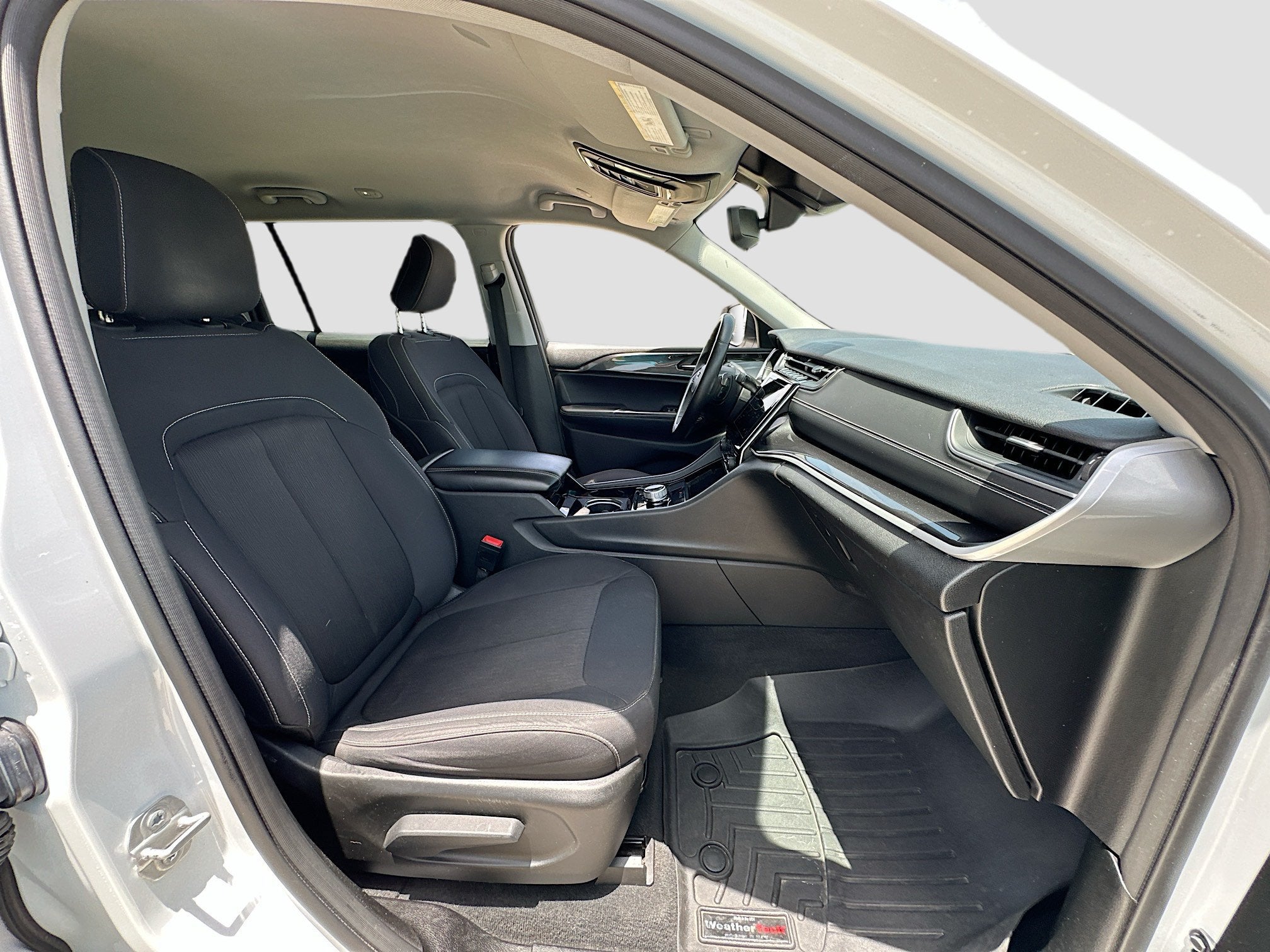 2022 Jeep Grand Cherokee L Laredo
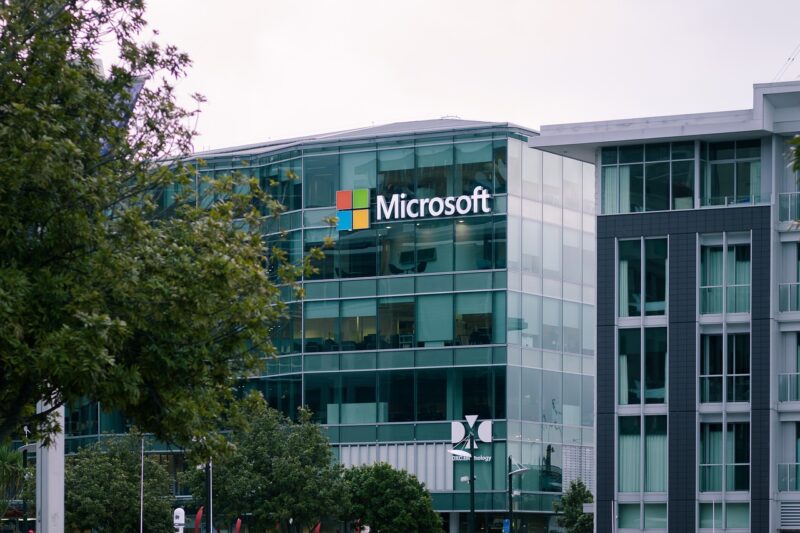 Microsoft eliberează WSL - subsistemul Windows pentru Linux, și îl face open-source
--
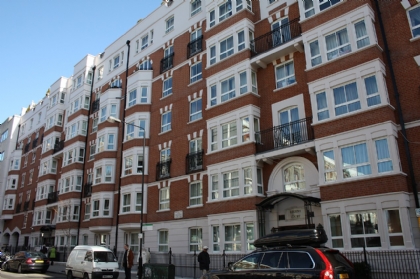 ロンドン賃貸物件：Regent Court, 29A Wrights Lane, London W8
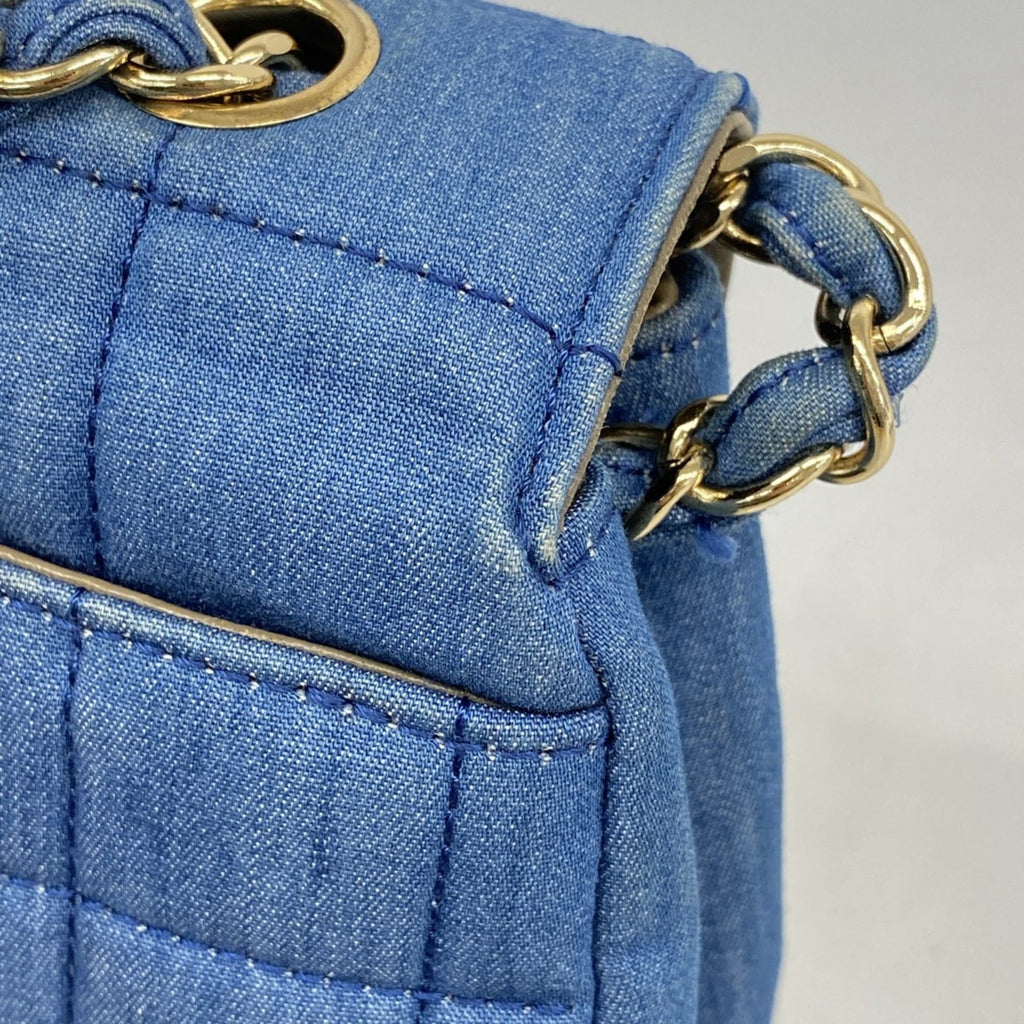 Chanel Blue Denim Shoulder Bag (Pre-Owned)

_ABOUT THIS EXERCISE_
Taking the entries above, copy word for word the lines from the one with "2022 Jeep Grand Cherokee L Laredo" up to and including the one with "Microsoft eliberează WSL", without any picture.

_TASK SOLUTION_
 2022 Jeep Grand Cherokee L Laredo
 Microsoft eliberează WSL - subsistemul Windows pentru Linux, și îl face open-source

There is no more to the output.